Wed Apr 15, 2020 6:10 am

A lady goes to the doctor and complains that her husband is losing interest in sex. The doctor gives her a pill, but warns her that it's still experimental. He tells her to slip it into his mashed potatoes at dinner, so that night, she does just that. About a week later, she’s back at the doctor, where she says, "Doc, the pill worked great! I put it in the potatoes like you said! It wasn't five minutes later that he jumped up, raked all the food and dishes onto the floor, grabbed me, ripped all my clothes off, and ravaged me right there on the table!" The doctor says, "I’m sorry, we didn’t realize the pill was that strong! The foundation will be glad to pay for any damages." "Nah," she says, "that's okay. We're never going back to that restaurant anyway."
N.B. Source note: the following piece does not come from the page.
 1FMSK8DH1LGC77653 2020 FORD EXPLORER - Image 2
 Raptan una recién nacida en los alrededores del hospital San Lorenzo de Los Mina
A bride tells her husband, "Honey, you know I'm a virgin and I don't know anything about sex. Can you explain it to me first?" "Okay, sweetheart. Putting it simply, we will call your private place 'the prison' and call my private thing 'the prisoner'. So what we do is put the prisoner in the prison." And they made love for the first time and the husband was smiling with satisfaction. Nudging him, his bride giggles, "Honey the prisoner seems to have escaped." Turning on his side, he smiles and says, "Then we will have to re-imprison him." After the second time, the bride says, "Honey, the prisoner is out again!" The husband rises to the occasion and they made love again. The bride again says, "Honey, the prisoner escaped again," to which the husband yelled, "Hey, it's not a life sentence!!!"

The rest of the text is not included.